Charging by induction
You can deliver charge to an object indirectly using induction. Here’s how charging by induction works: You bring a charged rod close to a neutral object. Say the rod is charged negatively — the negative charges (electrons) in the neutral object are repelled to the opposite side of the object, leaving a net positive charge close to the rod, as Figure 3-3 shows at the top.
Now comes the clever part: You connect the far side of the object to the ground. Just connect a wire from the far side of the object to the actual Earth, which acts as a huge reservoir of charge. The negative charges — the electrons — that are being forced to the far side of the object are frantic to get off the object, because the charge on the rod is repelling them. By connecting the far side of the object to the ground with a wire, you provide those electrons with an escape route. And the electrons take that escape route by the millions and trillions.
Then you cleverly disconnect the wire from the far side of the object. The electrons that wanted to get away have fled — and now there’s nowhere else for any other charges to go. The result is that the object is left with a positive charge, because you’ve drained off much of the negative charge that was being pushed by the rod. And you haven’t lost any of the charge on the glass rod.
The upshot is that the object is left with the opposite charge of the rod. And that’s charging by induction. Pretty cool, eh?
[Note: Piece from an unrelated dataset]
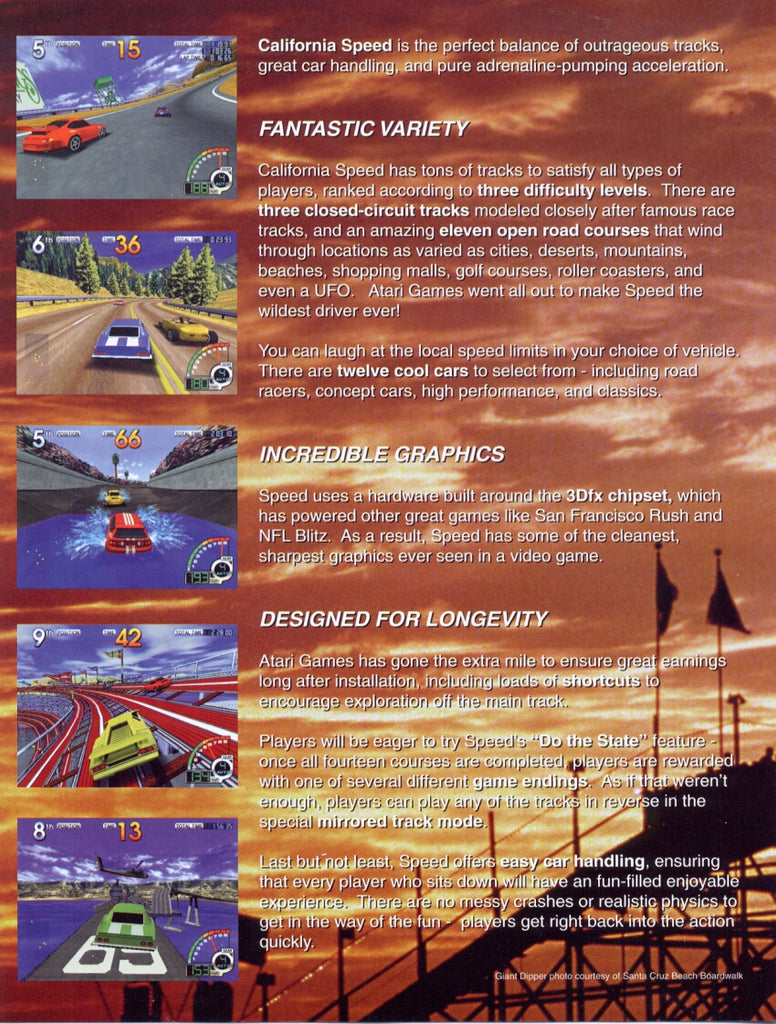 California Speed Arcade Driving Game | M&P Amusement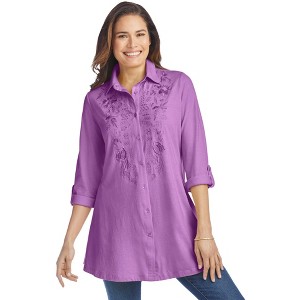 Woman Within Plus Size Button-Front Embroidered Tunic - 1 of 4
Figure 3-3: Charging by induction.
Lightning rods work through induction. In thunderclouds, charges get separated from the top to the bottom of the cloud, so the top and the bottom of the cloud become strongly charged. When lightning strikes, the charge on the bottom of the cloud is zapping the Earth. If you have a lightning rod, the strong charge on the bottom of the cloud induces the opposite charge on the lightning rod (which is connected to the ground). When lightning strikes, it’s attracted to that opposite charge and hits the lightning rod.
Considering the medium: Conductors and insulators
You’re probably familiar with the concepts of electrical conductors — like the copper wire in an extension cord — and electrical insulators — like the plastic that coats the electrical wire and prevents the electricity in the wire from delivering a nasty shock. In this section, you take a closer look at conductors and insulators in physics terms.
Say you have two charged objects some distance apart from each other. They’re not losing charge; they’re just sitting there. Then you bring a piece of rubber and touch both of them with the rubber. What happens? Nothing, because rubber is an electrical insulator; electricity is conducted through rubber only with difficulty.
Now say that you bring a copper bar in contact with the two objects — immediately, charge flows from one to the other, because copper is an electrical conductor.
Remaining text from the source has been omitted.